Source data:
○ ○ ○

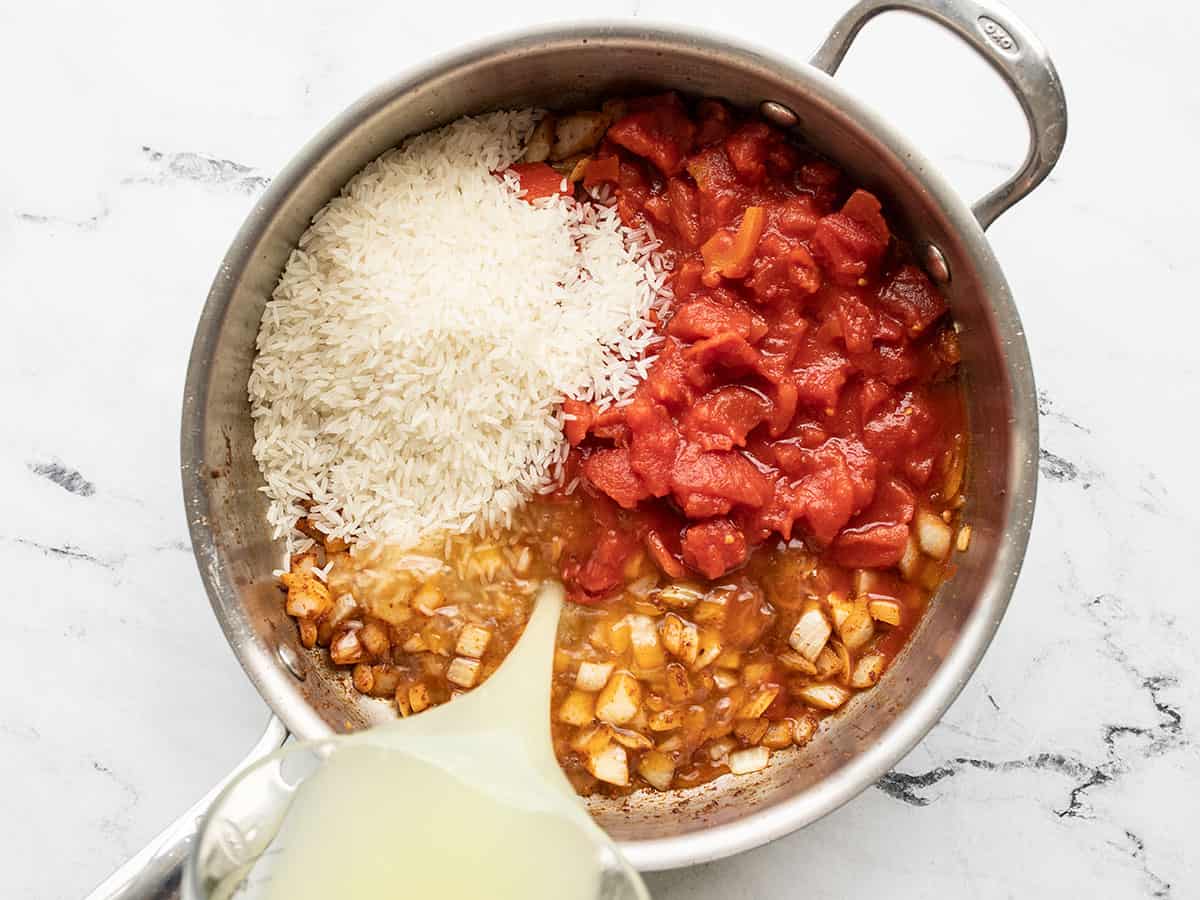 diced tomatoes, rice, and broth added to the skillet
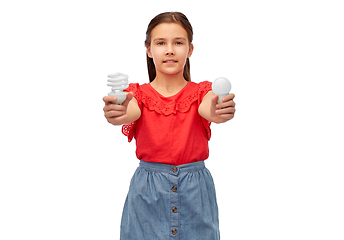Image showing smiling girl comparing different light bulbs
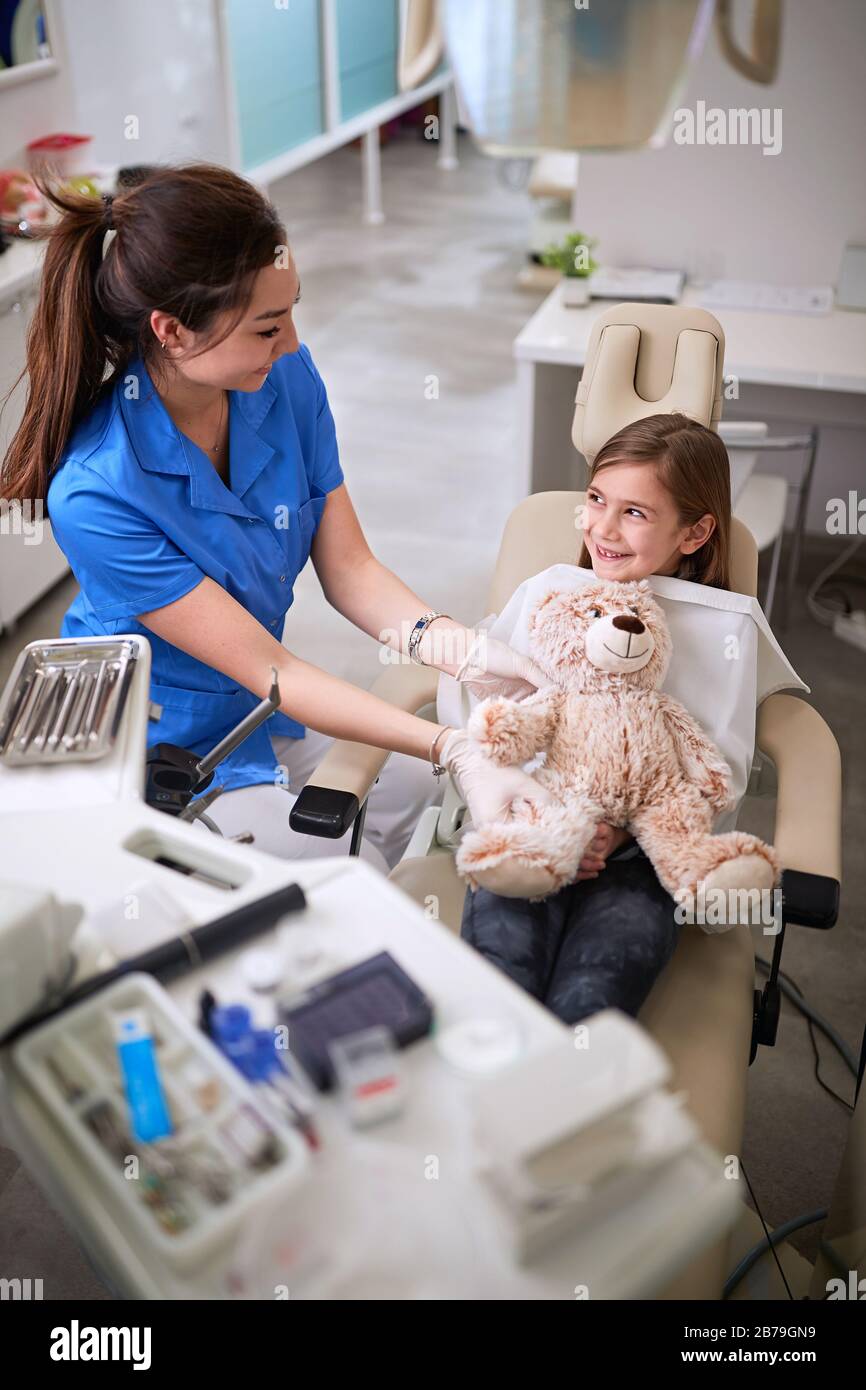 Child with female dentist in dental office Stock Photo
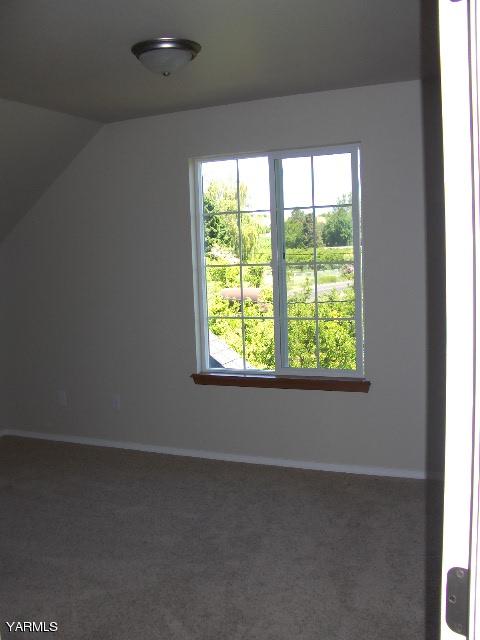 1040 Lombard Loop Road Wapato, WA 98951 - Photo 17 of 25 a view of a livingroom with an empty space and a window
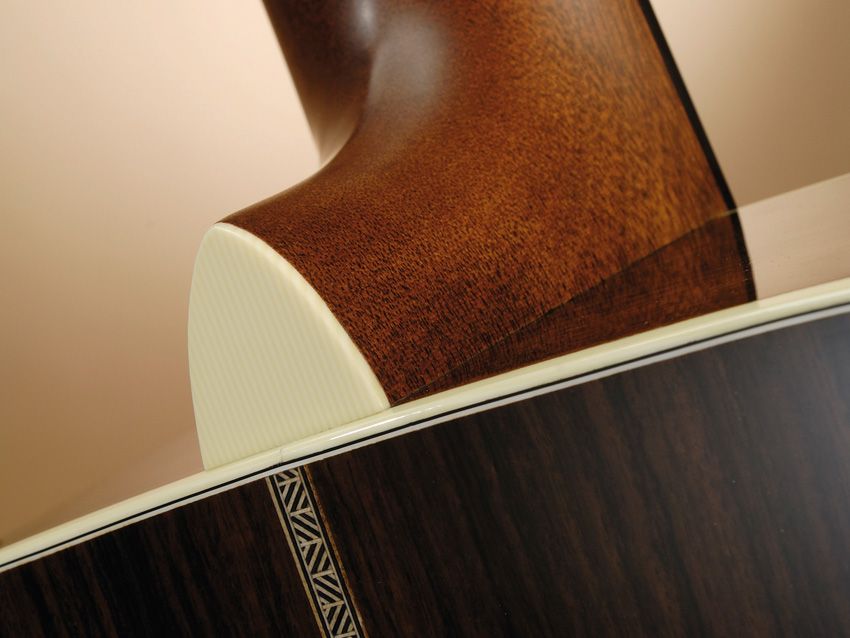 A combination of Indian Rosewood and subtle marquetry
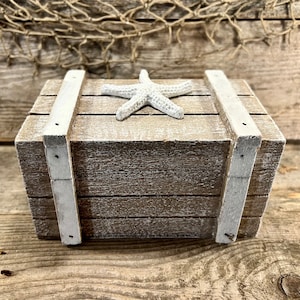 May include: A weathered wooden box with white accents and a white starfish on top. The box has a rustic, nautical theme, with visible wood grain and a distressed finish. The box is likely used for storage or decoration.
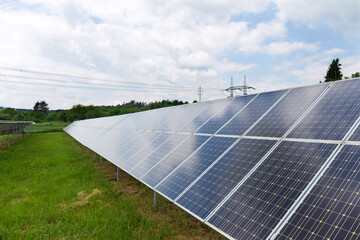 Solar Power Station on the spring Meadow 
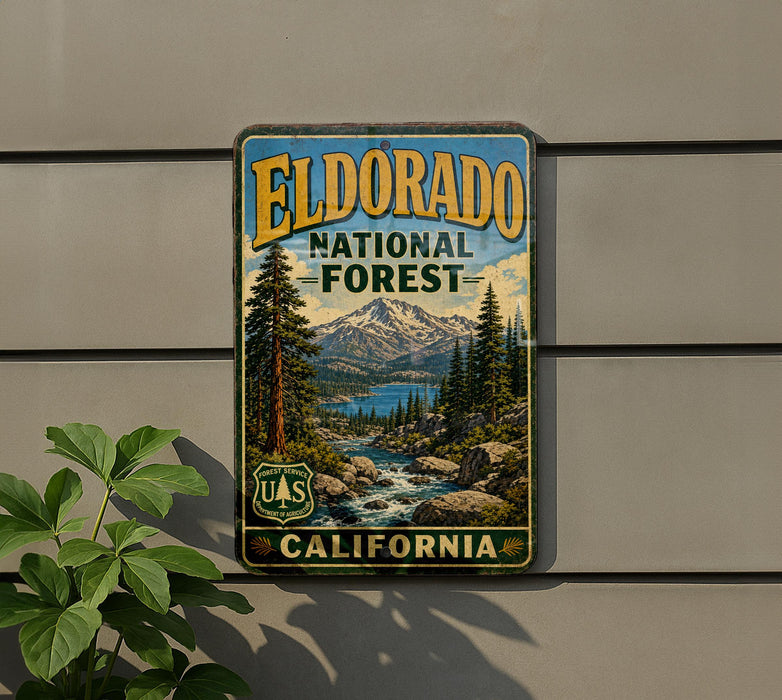 A vintage-style metal sign for the Eldorado National Forest in California, featuring a scenic landscape with mountains, pine trees, and a river.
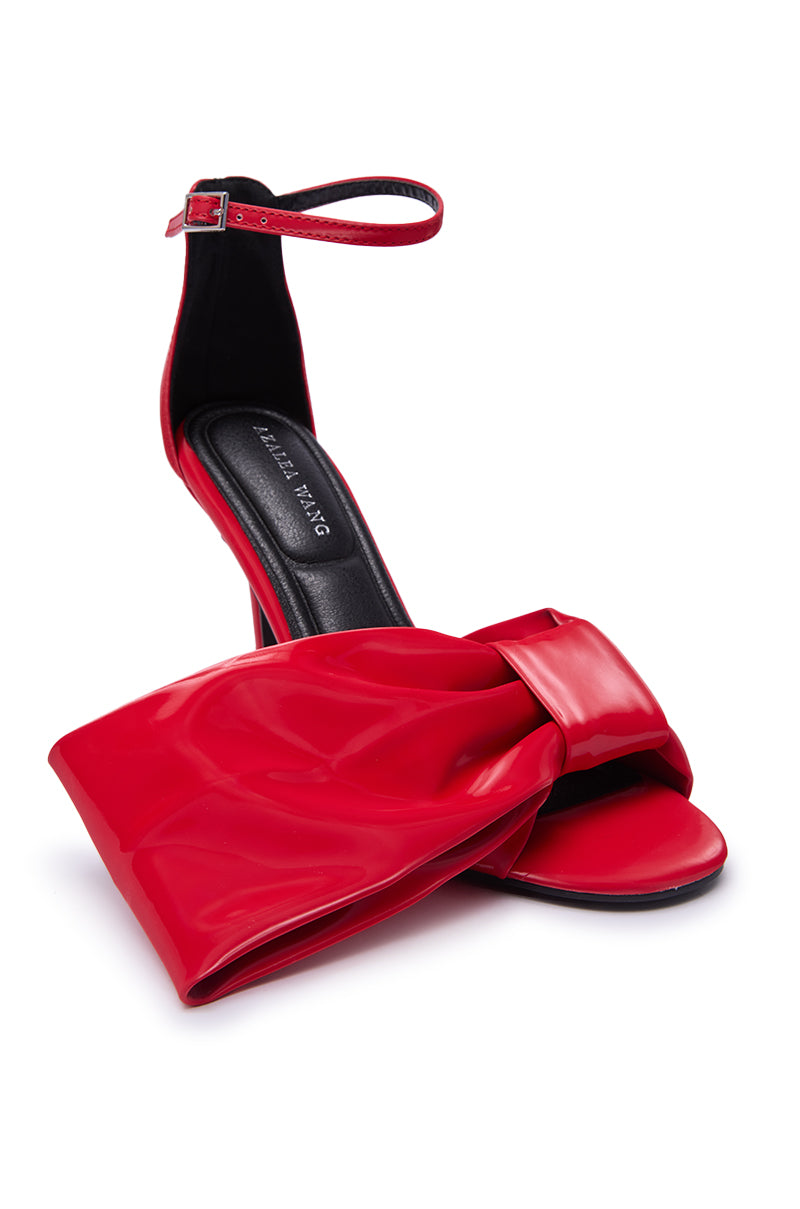 The AZALEA WANG LANYIN RED LIQUID LUXE BOW SANDAL is a faux leather high-heeled ankle strap sandal with a large shiny red bow, stiletto heel, and black “HALLA FANG” insole, set against a white background.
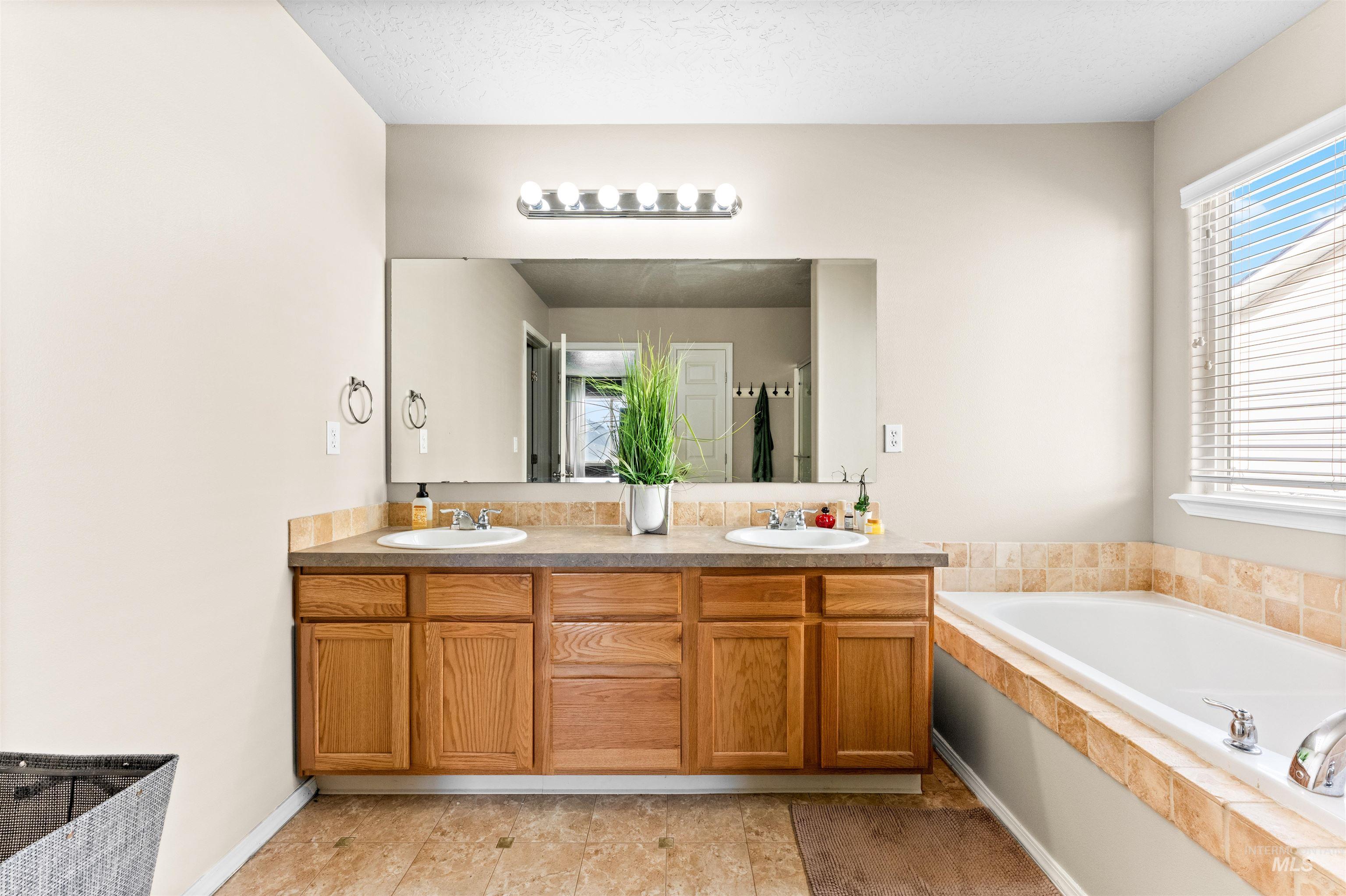 5021 Lathrop Place Caldwell, ID 83607 - Photo 25 of 43 Full bathroom featuring a garden tub, double vanity, plenty of natural light, and a textured ceiling
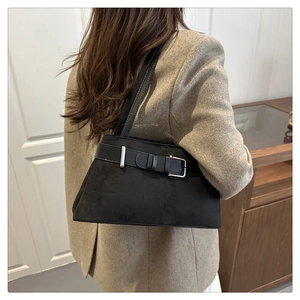 Side view of large black matte shoulder bag worn by model in a stylish office outfit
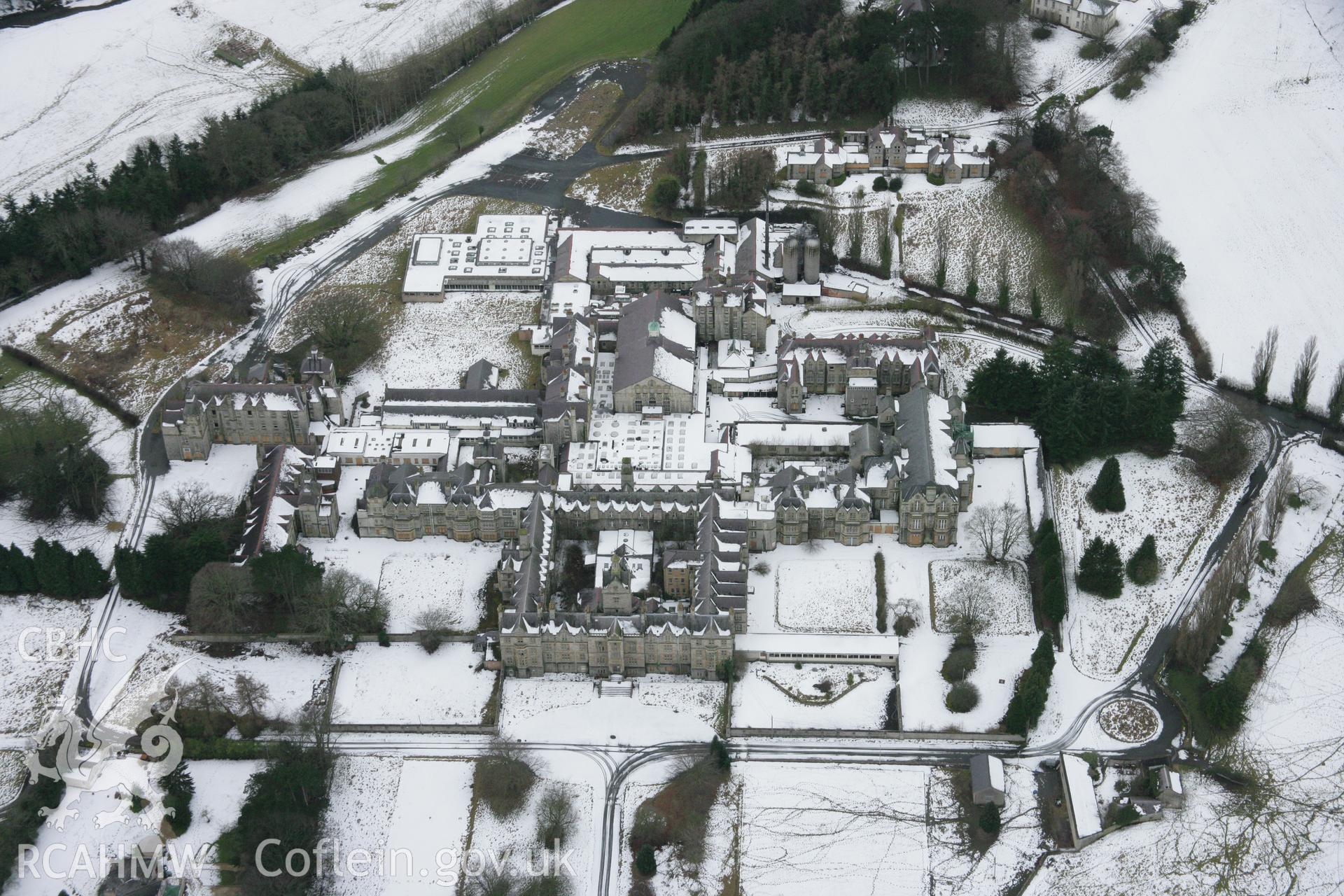 RCAHMW colour oblique aerial photograph of North Wales Counties Mental Hospital Complex, viewed from the north-east. Taken on 06 March 2006 by Toby Driver.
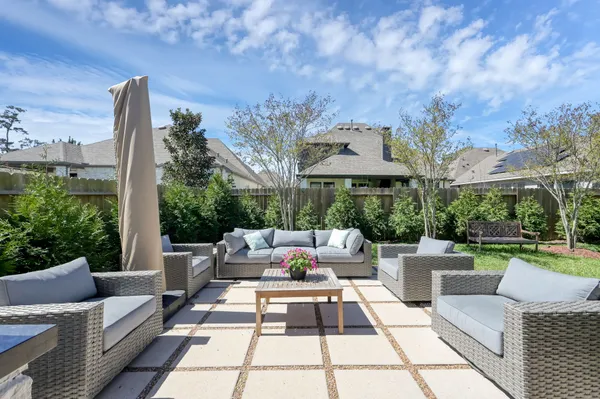 a view of a house with backyard sitting area and garden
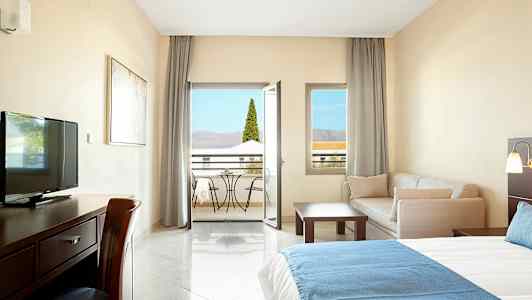 Hotellrom med møbler og balkong. (AI-generert tekst)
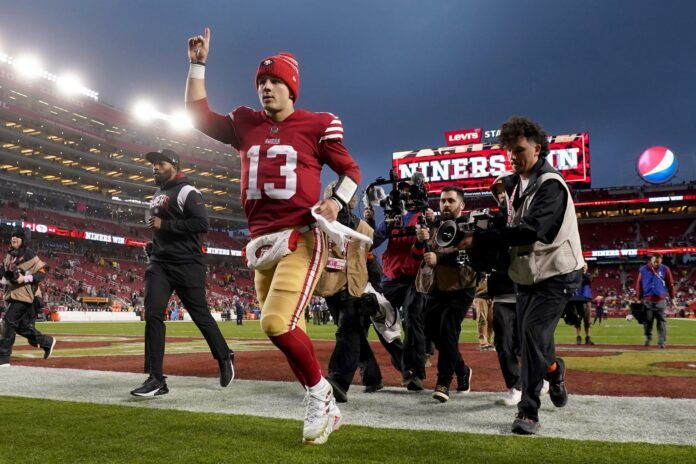 San Francisco 49ers QB Brock Purdy (13) gestures towards the crowd after the team's Wild Card Round victory.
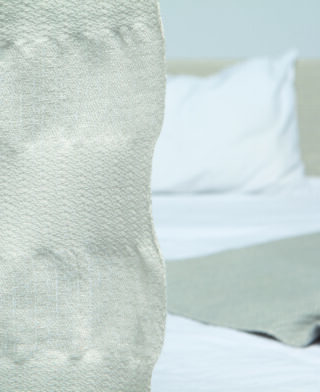 Eine Nahaufnahme eines strukturierten hellen Vorhangs mit einem ungemachten Bett, einem weißen Kissen und einer gefalteten Decke im Hintergrund.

○ ○ ○

* _WHAT IS REQUIRED_: Would you give again, exactly, the lines in the data above that run from the line containing "Image showing smiling" to the line containing "The AZALEA WANG"? Include both ends and no pictures.

* _TASK RESPONSE_:
Image showing smiling girl comparing different light bulbs
 Child with female dentist in dental office Stock Photo
 1040 Lombard Loop Road Wapato, WA 98951 - Photo 17 of 25 a view of a livingroom with an empty space and a window
 A combination of Indian Rosewood and subtle marquetry
 May include: A weathered wooden box with white accents and a white starfish on top. The box has a rustic, nautical theme, with visible wood grain and a distressed finish. The box is likely used for storage or decoration.
 Solar Power Station on the spring Meadow 
 A vintage-style metal sign for the Eldorado National Forest in California, featuring a scenic landscape with mountains, pine trees, and a river.
 The AZALEA WANG LANYIN RED LIQUID LUXE BOW SANDAL is a faux leather high-heeled ankle strap sandal with a large shiny red bow, stiletto heel, and black “HALLA FANG” insole, set against a white background.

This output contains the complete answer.